An excellent article in the Wall Street Journal today examines trends in the U.S. demand for oil. Many analysts, including those at Exxon Mobile, believe demand has peaked. Even if prices remain low, and the economy rebounds, few believe demand will reach pre-2007 levels.

Among those who say U.S. consumption of gasoline has peaked are executives at the world's biggest publicly traded oil company, Exxon Mobil Corp., as well as many private analysts and government energy forecasters.

The reasons include changes in the way Americans live and the transportation they choose, along with a growing emphasis on alternative fuels. The result could be profound transformations not only for the companies that refine gasoline from crude oil but also for state and federal budgets and for consumers. Much of contemporary America, from the design of its cities to its tax code and its foreign policy, is predicated on a growing thirst for gasoline.

We are commuting less (despite so-called sprawl), driving smaller cars, and using more public transit. So, demand for oil has moderated.

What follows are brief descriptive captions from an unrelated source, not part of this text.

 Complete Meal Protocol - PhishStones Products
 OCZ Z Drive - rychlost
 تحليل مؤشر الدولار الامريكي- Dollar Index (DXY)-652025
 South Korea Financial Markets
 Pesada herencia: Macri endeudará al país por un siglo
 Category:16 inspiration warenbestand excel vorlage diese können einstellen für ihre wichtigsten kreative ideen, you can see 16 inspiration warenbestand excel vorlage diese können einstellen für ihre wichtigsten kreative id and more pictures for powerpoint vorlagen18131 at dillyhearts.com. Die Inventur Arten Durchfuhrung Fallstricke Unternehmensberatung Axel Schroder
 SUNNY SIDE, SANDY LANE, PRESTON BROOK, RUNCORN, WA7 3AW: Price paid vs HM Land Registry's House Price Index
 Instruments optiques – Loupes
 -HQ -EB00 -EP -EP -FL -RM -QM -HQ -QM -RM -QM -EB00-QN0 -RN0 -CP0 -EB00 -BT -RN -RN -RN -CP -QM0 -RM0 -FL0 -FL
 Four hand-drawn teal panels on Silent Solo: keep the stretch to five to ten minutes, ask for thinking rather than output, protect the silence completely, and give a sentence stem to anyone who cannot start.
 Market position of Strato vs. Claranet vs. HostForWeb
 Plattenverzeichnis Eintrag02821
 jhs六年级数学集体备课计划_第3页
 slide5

Demand for all petroleum-based transportation fuels -- gasoline, diesel and jet fuel -- fell 7.1% last year, according to the EIA. This is the steepest one-year decline since at least 1950, as far back as the federal government has reliable data.

Many industry observers have become convinced the drop in consumption won't reverse even when economic growth resumes. In December, the EIA said gasoline consumption by U.S. drivers had peaked, in part because of growing consumer interest in fuel efficiency.

Exxon believes U.S. fuel demand to keep cars, SUVs and pickups moving will shrink 22% between now and 2030. "We are probably at or very near a peak in terms of light-duty gasoline demand," says Scott Nauman, Exxon's head of energy forecasting.

Of course, many people probably don't believe today's currently low prices will stay there. Once the economy takes off here and abroad, demand for oil (and gasoline) in China, Brazil, Eastern Europe, and elswhere will take off again. We may well be looking at $4 per gallon gas again.

Falling demand for oil, however, should not be confused with falling demand for mobility. Wealthy people want to travel more, as Adrian Moore and I discuss in chapter 3 of our book Mobility First. I also discuss this in the context of public transit here.

We will want more mobility, but will opt for non-oil based ways to propel us.